The triumph of the Belyayev circle could be seen as the worst of both worlds from The Five and Tchaikovsky for two reasons. First, from Tchaikovsky and Rimsky-Korsakov, the Belyayevets realized the importance of a solid academic grounding, but they took the importance of their conservatory training to extremes, and devolved into academicism and epigonism. They failed to take into account that Tchaikovsky transcended what authority David Brown calls "the heavy conditioning of his conservatory training" through his "innate Russianness and his love of his own country's folk music", and that Rimsky-Korsakov similarly transcended a period of extremely pedantic music writing to arrive at a more balanced style.
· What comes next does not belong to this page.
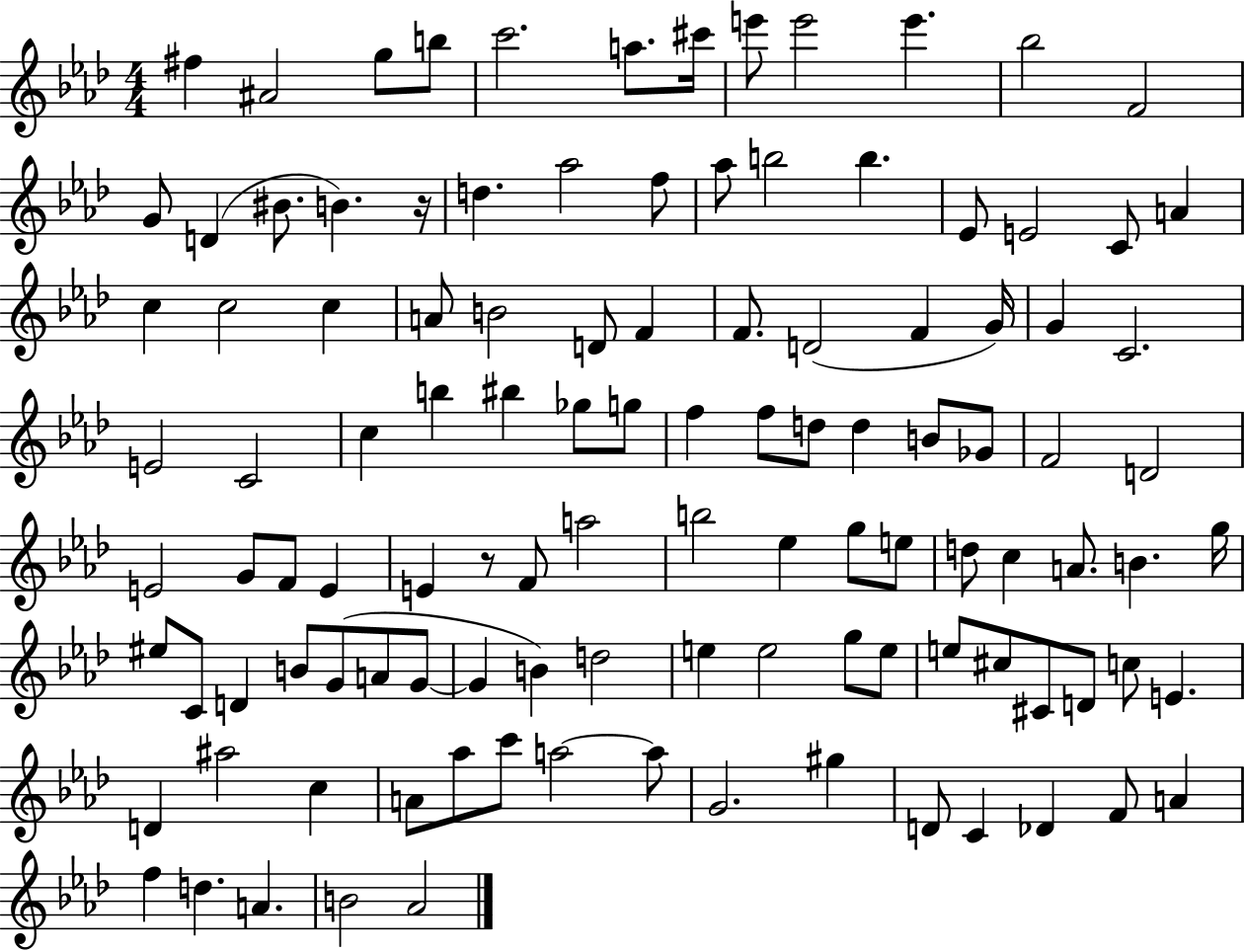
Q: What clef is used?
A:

Second, the Belyayevets got the idea from The Five of a school to which all members would adhere, but they took adherence to their school to the point of mediocrity, with "a safe conformism" becoming "increasingly the rule". This was the point that composer César Cui, a former member of The Five, made in his article "Fathers and Sons" in 1888, when he wrote, "Despite the frequent contact of all the fathers with one another, each of them preserved intact his individuality. It is enough to glance at a single page of music by one of the fathers to say with certainty that it is the work of Borodin, Balakirev, Mussorgsky, Tchaikovsky, or [Rimsky-]Korsakov. The music of the sons is the music of clones." Taruskin adds,

The institutionalization and professionalization of musical life against which Stasov had fought tooth and nail in the 1860s was now a fait accompli, and composers of the New Russian School occupied all seats of authority. They "extended despotic power over the style and form" of their students' work, attempting to "force it into a certain academic mold." They presided over "a fruitless distribution of awards and prizes" and oversaw the "proliferation of volumes of worthless compositions."